■ Task to complete
Copy out exactly, from the entries that follow, the line holding "Environmental Health into", the line holding "Nyúlmáj (darabolt) 500g", and all lines between them, but no pictures.

■ Records for the exercise
---------------
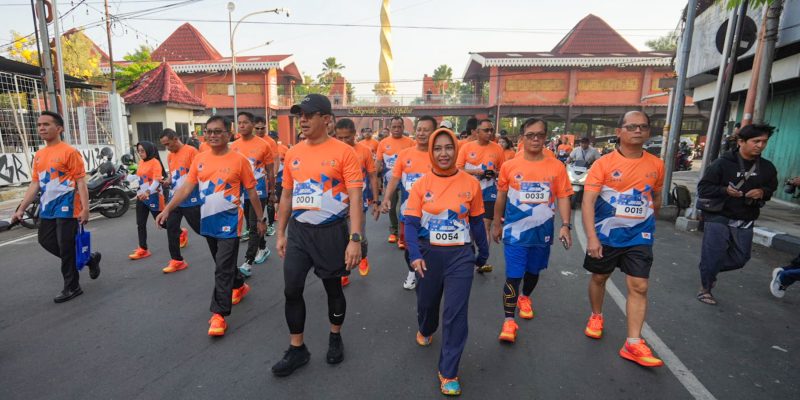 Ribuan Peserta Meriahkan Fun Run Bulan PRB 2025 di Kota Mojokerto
---------------
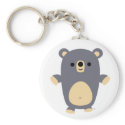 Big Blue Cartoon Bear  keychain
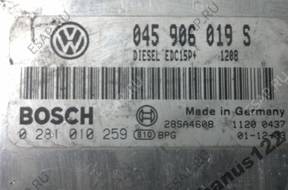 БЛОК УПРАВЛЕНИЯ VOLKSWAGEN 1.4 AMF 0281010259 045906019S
---------------
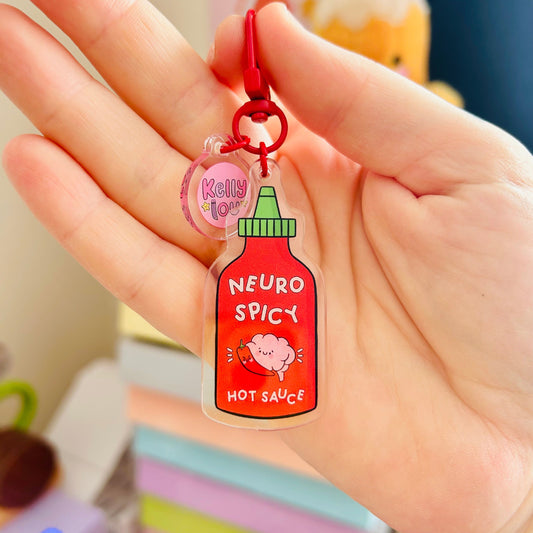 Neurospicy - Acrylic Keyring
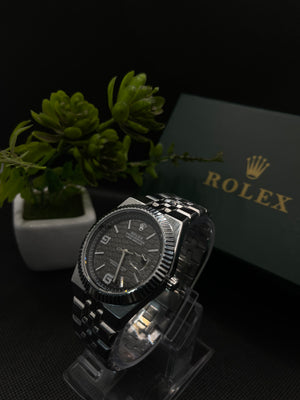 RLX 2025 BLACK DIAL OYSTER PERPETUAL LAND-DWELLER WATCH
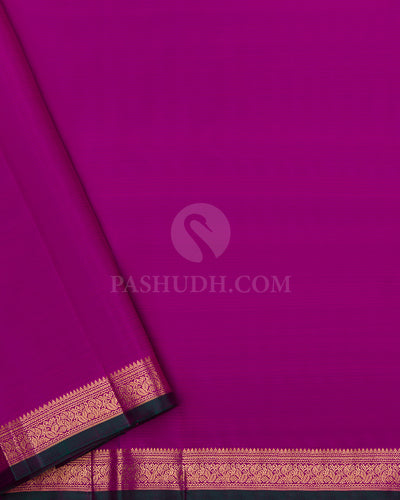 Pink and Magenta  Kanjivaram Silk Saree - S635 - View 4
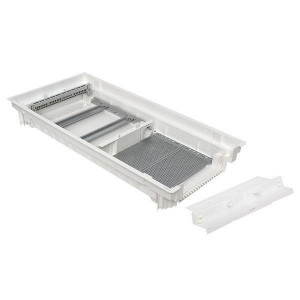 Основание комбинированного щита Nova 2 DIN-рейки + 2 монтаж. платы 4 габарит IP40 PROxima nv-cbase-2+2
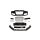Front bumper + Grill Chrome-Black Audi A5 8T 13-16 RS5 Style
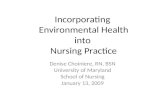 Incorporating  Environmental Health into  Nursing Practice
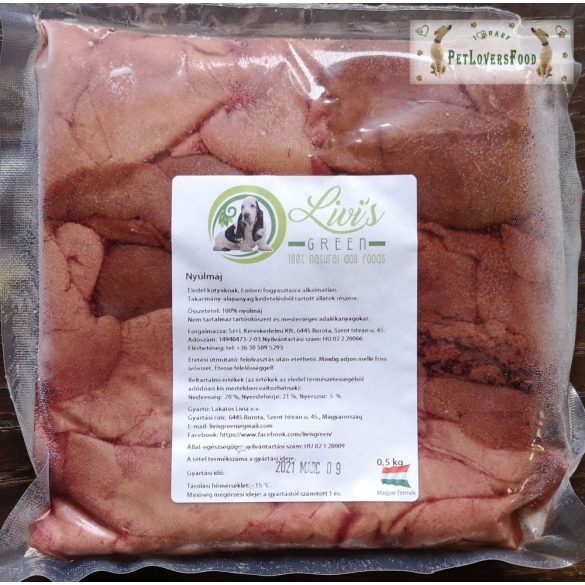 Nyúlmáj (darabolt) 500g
---------------
■ Answer box
 Incorporating  Environmental Health into  Nursing Practice
 Nyúlmáj (darabolt) 500g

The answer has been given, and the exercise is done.